NVIDIA and AMD need to sell cards directly to consumers, one at a time, to ensure real gamers get them.

That said: Cryptocurrency is being resurrected by institutional buying. The average investor is better in stocks.
I disagree with the sentiment re: mining but I agree that retailers need to do more to limit sales per-customer. GPU mining farms are harmful to crypto because it centralizes mining power in the hands of a few, which is against crypto's decentralizing ethos. Satoshi's entire intent with Bitcoin was against that.

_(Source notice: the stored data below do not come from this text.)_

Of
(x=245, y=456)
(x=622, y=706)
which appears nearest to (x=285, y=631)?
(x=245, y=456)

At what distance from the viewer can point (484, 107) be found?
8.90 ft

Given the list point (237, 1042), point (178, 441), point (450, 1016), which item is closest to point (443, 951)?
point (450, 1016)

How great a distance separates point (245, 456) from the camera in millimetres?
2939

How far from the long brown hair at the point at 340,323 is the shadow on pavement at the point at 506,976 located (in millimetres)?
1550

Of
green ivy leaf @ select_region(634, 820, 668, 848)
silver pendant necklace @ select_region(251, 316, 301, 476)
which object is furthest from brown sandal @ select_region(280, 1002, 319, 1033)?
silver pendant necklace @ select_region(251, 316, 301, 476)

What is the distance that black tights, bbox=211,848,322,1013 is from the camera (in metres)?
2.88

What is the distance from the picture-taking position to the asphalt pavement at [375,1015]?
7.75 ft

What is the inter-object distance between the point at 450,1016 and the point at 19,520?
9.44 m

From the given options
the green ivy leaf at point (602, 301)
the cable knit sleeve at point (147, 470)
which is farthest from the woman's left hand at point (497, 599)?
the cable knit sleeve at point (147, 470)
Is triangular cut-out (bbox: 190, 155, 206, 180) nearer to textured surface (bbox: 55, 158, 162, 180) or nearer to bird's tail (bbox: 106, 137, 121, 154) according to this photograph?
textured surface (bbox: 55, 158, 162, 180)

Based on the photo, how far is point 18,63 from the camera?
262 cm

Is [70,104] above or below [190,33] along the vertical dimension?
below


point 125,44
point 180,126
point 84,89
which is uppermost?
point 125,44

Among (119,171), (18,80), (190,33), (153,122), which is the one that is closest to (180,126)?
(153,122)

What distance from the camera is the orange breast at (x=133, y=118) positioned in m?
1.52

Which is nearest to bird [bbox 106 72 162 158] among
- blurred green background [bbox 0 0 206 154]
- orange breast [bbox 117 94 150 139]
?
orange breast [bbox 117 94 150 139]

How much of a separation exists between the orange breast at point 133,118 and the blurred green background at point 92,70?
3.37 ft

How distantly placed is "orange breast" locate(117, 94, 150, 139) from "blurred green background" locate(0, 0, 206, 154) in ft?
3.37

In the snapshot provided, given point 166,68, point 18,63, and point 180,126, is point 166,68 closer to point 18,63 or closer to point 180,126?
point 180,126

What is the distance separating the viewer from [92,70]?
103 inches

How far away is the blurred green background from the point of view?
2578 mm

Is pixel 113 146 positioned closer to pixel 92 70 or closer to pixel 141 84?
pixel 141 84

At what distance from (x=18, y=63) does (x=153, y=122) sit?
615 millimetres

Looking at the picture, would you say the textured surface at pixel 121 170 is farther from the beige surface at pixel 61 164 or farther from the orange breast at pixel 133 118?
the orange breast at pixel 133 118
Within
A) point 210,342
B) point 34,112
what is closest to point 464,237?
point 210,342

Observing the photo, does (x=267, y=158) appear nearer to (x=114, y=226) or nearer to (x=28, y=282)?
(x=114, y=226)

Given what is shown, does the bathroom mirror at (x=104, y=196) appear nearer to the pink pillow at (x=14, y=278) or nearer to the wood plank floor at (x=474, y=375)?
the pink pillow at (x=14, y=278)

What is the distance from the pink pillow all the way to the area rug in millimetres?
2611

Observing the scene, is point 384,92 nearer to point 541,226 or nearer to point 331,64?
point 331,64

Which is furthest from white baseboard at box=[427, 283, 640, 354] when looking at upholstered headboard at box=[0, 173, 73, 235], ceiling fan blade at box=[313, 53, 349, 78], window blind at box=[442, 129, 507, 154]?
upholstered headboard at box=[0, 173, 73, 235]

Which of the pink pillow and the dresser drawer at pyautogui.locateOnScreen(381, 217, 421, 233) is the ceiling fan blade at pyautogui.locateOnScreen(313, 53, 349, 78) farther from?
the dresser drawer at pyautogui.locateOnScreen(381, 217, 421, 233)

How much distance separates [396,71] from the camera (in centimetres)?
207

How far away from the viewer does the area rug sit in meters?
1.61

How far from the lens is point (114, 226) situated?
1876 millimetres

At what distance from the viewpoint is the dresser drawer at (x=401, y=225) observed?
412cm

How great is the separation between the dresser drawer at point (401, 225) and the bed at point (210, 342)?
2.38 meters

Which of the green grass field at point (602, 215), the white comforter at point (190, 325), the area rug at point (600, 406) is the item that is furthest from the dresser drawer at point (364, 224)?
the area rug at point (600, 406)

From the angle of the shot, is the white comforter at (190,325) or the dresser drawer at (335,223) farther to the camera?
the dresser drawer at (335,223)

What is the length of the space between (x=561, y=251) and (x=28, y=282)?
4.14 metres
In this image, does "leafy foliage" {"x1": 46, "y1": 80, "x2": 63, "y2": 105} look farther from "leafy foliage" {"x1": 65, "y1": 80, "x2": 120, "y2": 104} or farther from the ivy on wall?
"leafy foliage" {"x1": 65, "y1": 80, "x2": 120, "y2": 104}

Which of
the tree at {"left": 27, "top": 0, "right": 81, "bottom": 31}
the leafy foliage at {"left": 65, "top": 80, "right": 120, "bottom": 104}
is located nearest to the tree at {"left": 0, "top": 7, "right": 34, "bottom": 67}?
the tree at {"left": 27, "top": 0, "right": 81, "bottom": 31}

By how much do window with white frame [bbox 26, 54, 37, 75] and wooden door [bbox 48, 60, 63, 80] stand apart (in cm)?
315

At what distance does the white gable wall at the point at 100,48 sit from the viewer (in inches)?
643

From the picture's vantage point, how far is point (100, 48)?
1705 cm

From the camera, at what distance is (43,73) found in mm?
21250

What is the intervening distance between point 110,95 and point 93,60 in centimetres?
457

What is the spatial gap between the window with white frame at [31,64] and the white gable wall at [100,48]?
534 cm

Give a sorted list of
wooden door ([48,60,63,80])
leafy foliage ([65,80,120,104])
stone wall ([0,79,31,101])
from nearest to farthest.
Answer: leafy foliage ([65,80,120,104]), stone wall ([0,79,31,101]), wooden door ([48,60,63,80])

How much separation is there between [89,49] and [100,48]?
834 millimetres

Instead of bellyaching about crypto miners, all of you could be easily mining yourselves and learning about crypto with programs like CudoMiner.
 
That energy could have been used for other things.

Specifically: content creation/ entertainment.

Furthermore, these mining rigs generate so much heat that you usually need air conditioning just to cool them down. So you end up wasting even more energy...

That same money and energy invested into real, tangible products yields better results.
I'm not using my computer 24/7. There is no reason it can't mine while I'm away or asleep. As for your charge that it's not "tangible," crypto can and does go towards tangible products all the time. And how is "video rendering" any more tangible than crypto? It's also just bits, and its value as a cultural product is even more relative than crypto's value as a financial product.
 
He probably means "If you made a new currency out of 21 million high security paper banknotes then irreversibly destroyed the printing plates + designs then handed them out to those with expensive GPU's then setup Internet trading exchanges, you'd achieve the same thing Bitcoin has without the absolutely insane resource wastage". ie, "But gaming is a waste of resources too!" is a straw-man since it's impossible to play video games without using electricity, whilst it's entirely possible to create a currency that isn't overprinted without wasting billions of dollars of energy / resources / wealth destruction in the process.
Sure. It's impossible to play games without electricity. But what is the value of gaming? You call my argument a straw-man, but it isn't, because it was from the perspective of value. Say what you will, but cryptocurrencies are more valuable than gaming. So much so, that games are created on them nowadays, in case you didn't know.
Your argument is the equivalent of saying that a gaming PC is a waste of energy and resources because you can play on consoles too. Newsflash; It's not the same thing.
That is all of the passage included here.